O sonho, ao contrário de tantos outros que tivera, era repetitivo, igual, igual nos detalhes, em tudo. Ele abria uma porta que dava para um escuro. Quando acende a luz o sonho termina. O aprisionamento no sem fim das repetições o incomodava demais.
Seus filhos já tinham saído de casa. Seus netos já eram crescidos. Vivia na santa paz de deus com sua mulher em um casamento feito de... repetições. Mas era bom, confortável, doméstico, silencioso.
Nas narrativas das primeiras sessões, contou que já teve casos com outras mulheres nestes anos todos de casado. Trabalhou muitos anos viajando e isto possibilitou ter outros relacionamentos que ajudou a manter seu casamento vivo. Voltava para casa culpado e com flores, chocolate, uma blusinha. Ela adorava: talvez pressentisse a culpa, mas melhor isso do que um casamento tão sólido se desmanchando.
Eu pensava nele como um personagem de Nelson Rodrigues, tão conservador, tão cruel na sua sabedoria, tão lógico na sua loucura.
Mas doutor, e o sonho?

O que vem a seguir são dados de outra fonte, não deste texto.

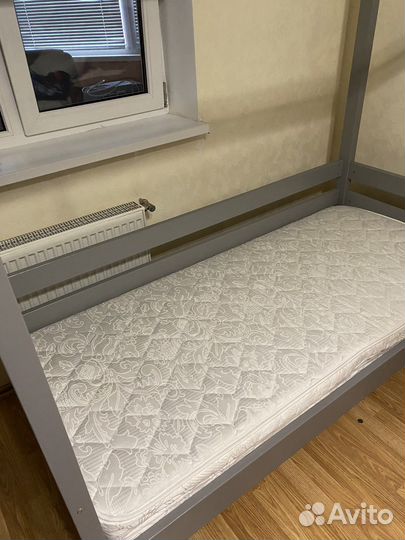 Детская кровать домик с матрасом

Sonhei de novo...
Peço para que ele se veja no sonho e abra a porta, acenda a luz...
Porra, doutor, nada...
Parece que era cedo, ainda, para ele iluminar a sala.
Algum tempo depois, ao falar da sua adolescência, apareceu Cecília, a moça negra que morava no mesmo quarteirão. Ele se apaixonou por ela, de modo fulminante, aos catorze anos. Ela tinha treze, na época. Ele, branquinho, descendente de italianos. Ela, na verdade uma mulata ganhando formas, linda, de olhos verdes.
O romance foi um escândalo. E além da pele, havia uma certa diferença de classe que, segundo, ele encobria o racismo evidente dos pais. Diferença de classe parecia ser mais justificável do que o racismo.
Tudo isso foi esquecido, guardado em uma caixa. Mas a intensidade era tamanha que o sonho jamais deixou que ele esquecesse. Pensando bem, diz ele, adoro morenas, mulatas, negras, mas... me casei com uma branquinha.
O sonho desapareceu. É evidente que ela estaria na sala, mas ele não ousava acender a luz.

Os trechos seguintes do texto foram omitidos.